バルセロナとNBAに関しては、パートナーシップ契約です。こちらはオーナーシップと異なり、会社の広告宣伝の要素が強いでしょう。

それぞれ形態が異なるのですが、パートナーシップ契約を結んだ背景について考えていきます。

楽天の会社名の宣伝効果があるから

これは、真っ先に思いつくポイントです。

海外有名チームのユニフォームに会社名は入っていれば、観戦者の全ての人が会社名を見ることになります。

この宣伝効果はかなり大きいのでしょう。

しかし、なぜ他にも広告手法があるにも関わらず、楽天はスポーツを選んだのでしょうか。

このスポーツの広告宣伝効果は他と異なるのでしょうか。

このポイントについても検討していきます。

スポーツの広告宣伝効果は、他の宣伝に比べて心理的な効果が強くなるから

一般的な広告宣伝の代表としてCMがあります。

CMはテレビを鑑賞している合間に流れるため、視聴者のエンゲージメントは低い可能性があります。

一方で、選手についた会社名は、視聴者が熱中してみている状態で、目につきます。

もちろん、何の会社かということは良くわからないのですが、自分の大好きなチームについている会社名として無意識に、そのロゴ自体にも良い印象を持つ可能性があります。

人間記憶とは、その時の状態とリンクさせて、記憶している可能性が高く、スポーツを見ている状態というのは、興奮している、熱狂している、楽しんでいる、などのポジティブな状態です。

このような状態で、無意識に目に付く「Rakuten」の文字が記憶の中でポジティブに残るのではないでしょうか。

人は商品を選ぶときに見慣れた商品を選ぶ傾向があるから

さて、Rakutenの文字が人々の記憶の中に、良い印象として無意識のうちに覚えられたとします。

人々が実際にRakutenのサービスを選ぶタイミングで、そのような人たちは抵抗感なくサービスを利用する可能性が高くなるでしょう。
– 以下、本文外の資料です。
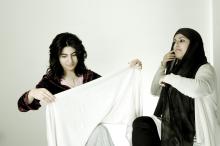 image Dos mujeres inmigrantes de Libia y Arabia Saudí se ponen el velo islámico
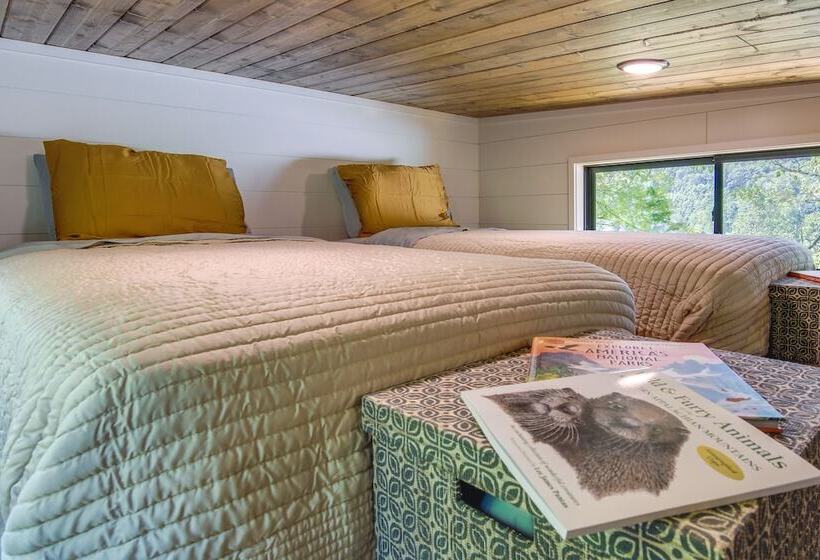 Upscale + Modern Tiny Cabin On Cane River!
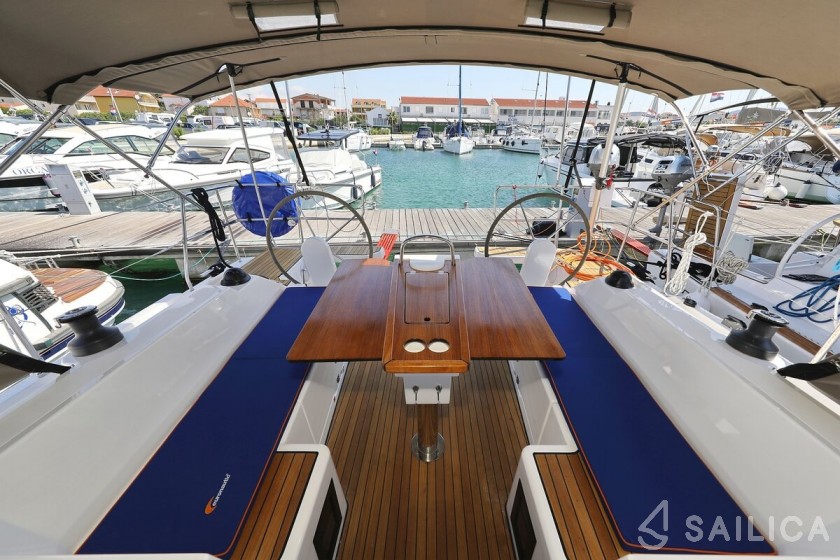 Bavaria C38 - Yacht Charter Sailica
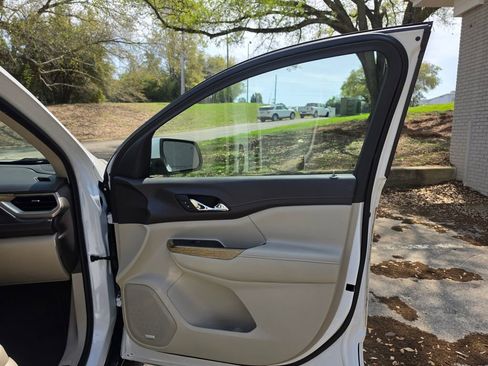 Used 2019 GMC Acadia Denali w/ Technology Package image 47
見慣れたブランドと、そうでないブランドが並んでいたとき、差がよくわからないのであれば見慣れたブランドを買いませんか?

Rakutenは長期的なブランド戦略やマーケティング戦略に基づいて、スポーツを通して楽天ブランドを確立していこうとしているのでしょう。

スポーツを活用した広告は海外市場への参入の土台としての役割があるから

これは先ほど述べたことをまとめた理由です。

Rakutenが海外市場に参入する際に課題となるのは、名もないところから人々の抵抗感をいかに無くすかという点です。

全く無名の状態からサービスを知ってもらい使ってもらうためには大きなハードルがあります。

日本と違うマーケットに参入する時の戦略として、楽天はスポーツビジネスを足がかりに参入するという成功パターンを構築しているのかもしれません。

もちろん無意識に消費者に刷り込まれるには時間がかかりますが、長期的に見るとかなりの影響が期待できます。

そして、ヨーロッパの強豪チームとNBAに共通するポイントとしては、観戦者がグローバルに散らばっているという点。

ヨーロッパのサッカーはヨーロッパ単体だけで見られているわけではないですよね。

日本、中国、アジア、アメリカと全世界で視聴されています。

つまりここへ投資することで、全世界での広告につながるという点も、楽天のグローバル戦略とマッチしているのでしょう。

そういう意味では、各国で広告代理店を活用して、広告戦略を打つよりも1つに集中して、手っ取り早く効率的に広告を打つことができる点にも魅力を感じているのでしょう。

海外スポーツビジネスそのものへの参入も検討しているから

楽天はスポーツビジネスにサッカー、野球ともに日本で参入しています。

このビジネスでの成功体験があるので、海外でのスポーツビジネスへの参入も検討している可能性があるのではないでしょうか。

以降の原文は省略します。